Leccionario Merovingio siglo VIICon el nuevo año litúrgico que se inicia este primer domingo de Adviento, search la Iglesia española ha introducido un nuevo leccionario para las lecturas de la Misa. Los nuevos leccionarios se corresponden con los textos de la versión oficial de la Biblia, site que fue aprobada el  25 de noviembre de 2008 en la CCXI Asamblea Plenaria del episcopado español.
La novedad radica en que se incorpora en el leccionario el lenguaje utilizado en la Biblia oficial española, un lenguaje más adaptado a la sociedad actual y carente de las imperfecciones lingüísticas que tenía la traducción anterior.
Obviamente, los textos siguen siendo los mismos que se venían utilizando desde que en 1969, de acuerdo con la revisión ordenada por el Concilio Vaticano II en 1963, se modificó sustancialmente el leccionario contenido en el Misal de San Pio V de 1570.
Este cambio realmente afecta a la forma y no tiene comparación con el que se produjo hace 46 años con las modificaciones introducidas por el Concilio.
En el Misal romano de 1570 las lecturas de la Eucaristía estaban incluidas en el mismo libro. No como es en la actualidad y fue en el pasado, el Misal contiene los textos que tiene que leer quien preside la ceremonia y el Leccionario incluye los textos que tienen que leerse desde el ambón, epístolas y evangelio.
En el Misal de san Pio V se usaban las mismas lecturas año tras año los domingos y días de fiesta. La mayoría de las misas tenían solo dos lecturas, la epístola, casi siempre con textos del Nuevo Testamento  y la del Evangelio.
El total de los textos bíblicos usados los Domingos, Vigilias y Fiestas mayores no superaban el 22% de los Evangelios, el 11% de la epístolas y el 0.08 % del A. T. sin incluir los Salmos.
Es curioso destacar que desde el siglo VI, fecha de los más antiguos leccionarios de la misa que se conocen, existe una rara continuidad y estabilidad en el ordenamiento de los textos bíblicos, es decir, al menos durante casi trece siglos, la parte más sustanciosa e importante del Leccionario de la Misa permaneció invariable.
Las reformas del Concilio Vaticano II enriquecieron las lecturas de la Misa, al prescribir tres Lecturas para los Domingos y Fiestas Mayores, generalmente una del A.T., una Epístola y el Evangelio, además de implantar una mayor variedad de lecturas, al establecer  tres ciclos anuales, A dedicado a San Mateo, B a San Marcos y C a San Lucas.
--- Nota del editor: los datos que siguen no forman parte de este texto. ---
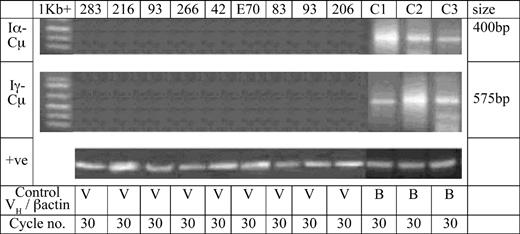 Figure 3. Analysis of switch circle transcripts in HCL expressing multiple sIg isotypes. Circle transcripts are a hallmark of active class switching deletional recombination, and these were analyzed in our series of HCL cases by an RT-PCR method as described previously.15 All HCL cases were found negative for both Iα-Cμ and Iγ-Cμ circle transcripts as shown. Template cDNA input was compared by using identical amounts of cDNA for amplification of VH as a reference gene (V). Assay conditions were validated by identifying CTs, confirmed by sequence analysis, in comparable amounts of cDNA from 3 control cases of CLL displaying unmutated VH genes (C1, C2, C3), which exhibit ongoing switching deletional events as reported.15 For CLL, β-actin was used as a loading marker gene (labeled B).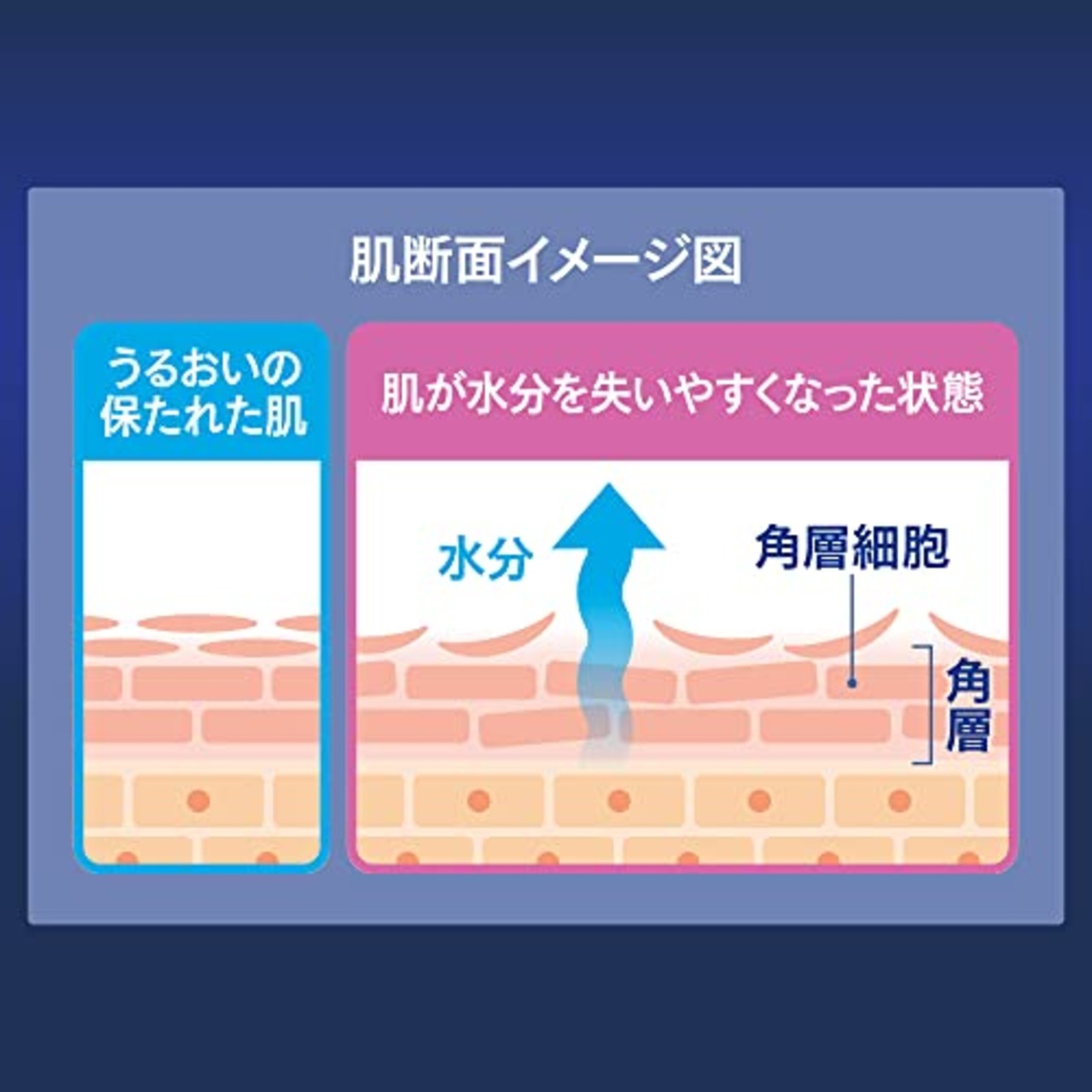 ニベアニベア ロイヤルブルー ボディミルク 乾燥 トラブルケア 200g 〔医薬部外品〕【肌荒れ・粉ふきがちな肌に】 無香料・無着色ボディクリーム本体
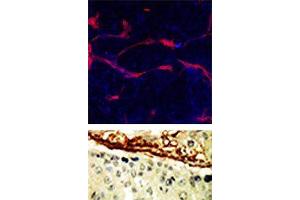 TOP: Methanol/Acetone fixed human stem cell is used in IF to detect Eph4A (blue) and endothelial Lectin(red). (EPH Receptor A4 antibody  (N-Term))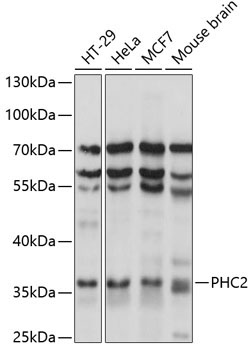 PHC2 Rabbit Polyclonal Antibody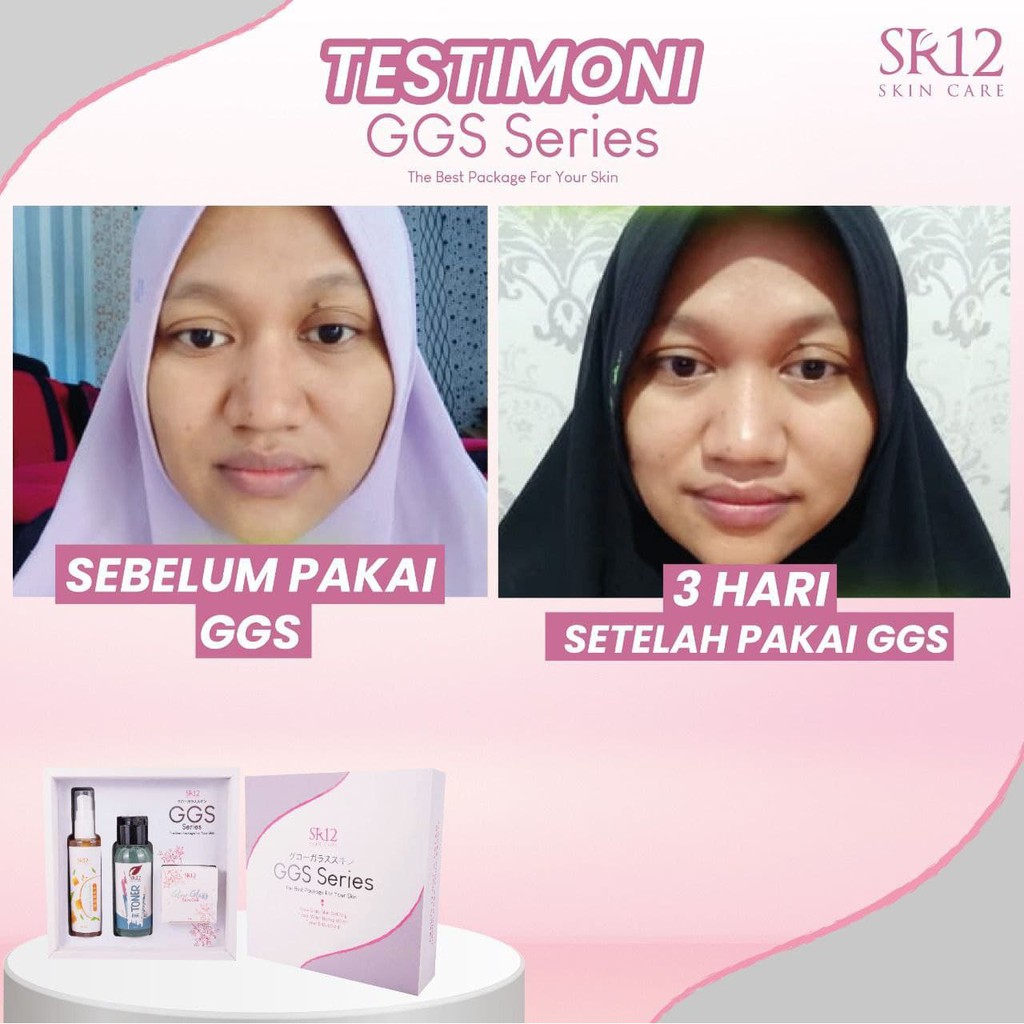 GGS SERIES SR12 GLOW GLASS SKIN GEL PAKET GLOWING BPOM MENCERAHKAN MENGHILANGKAN FLEK HITAM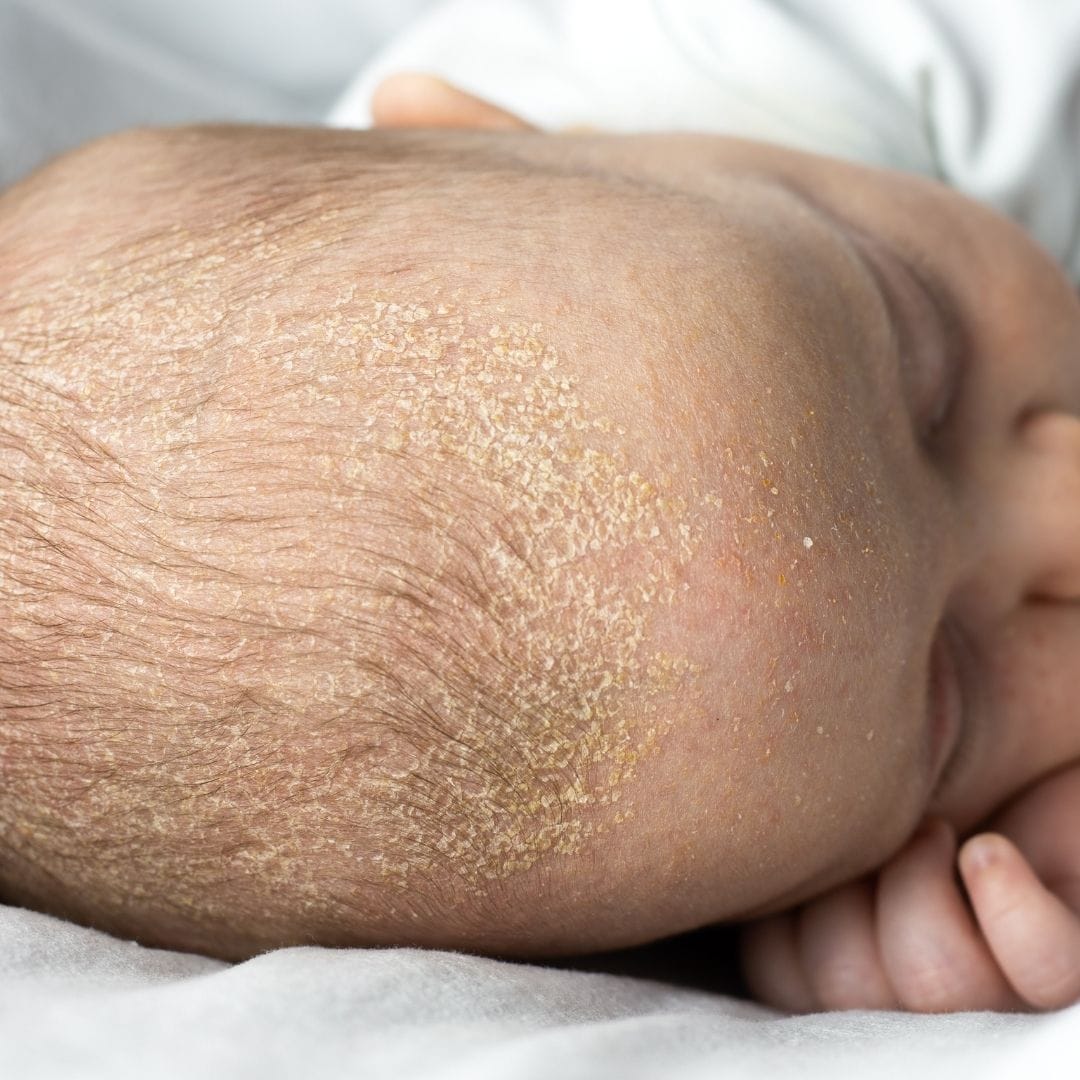 Cradle Cap Causes and Treatments-2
San Juan se ha reservado para parte de la cuaresma y pascua en los tres años.
Como sabemos las lecturas que se realizan en la Misa son:
La primera Lectura, tomada de los libros del Antiguo Testamento, con excepción de los Hechos de los Apóstoles durante el Tiempo Pascual. Normalmente existe una conexión temática entre el Evangelio y esta primera lectura.
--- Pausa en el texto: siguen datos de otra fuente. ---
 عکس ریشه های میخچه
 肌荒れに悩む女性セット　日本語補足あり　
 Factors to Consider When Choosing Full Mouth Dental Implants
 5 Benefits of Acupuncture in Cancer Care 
Salmo Responsorial, tomado del libro de los Salmos y a veces de otros cánticos bíblicos.
Segunda Lectura, tomada habitualmente de las cartas del apóstol Pablo, pero a veces de otras cartas apostólicas o del Apocalipsis. No tiene relación con las otras lecturas  pues sigue un esquema de lectura prácticamente continuada.
Aclamación antes del Evangelio, generalmente una cita bíblica o a veces un adaptación de un texto bíblico, que suele seguir el esquema de la primera lectura.
Evangelio, según los ciclos anuales.
Si incluyéramos las lecturas de todas las misas dominicales, semanales, votivas, propias y comunes de los santos, para necesidades y ocasiones especiales, el Leccionario de la Misa cubriría en sus lecturas el 90% de los Evangelios, 55% del resto del N.T. y apenas el 13% del A.T., comprensible por la extensión de este.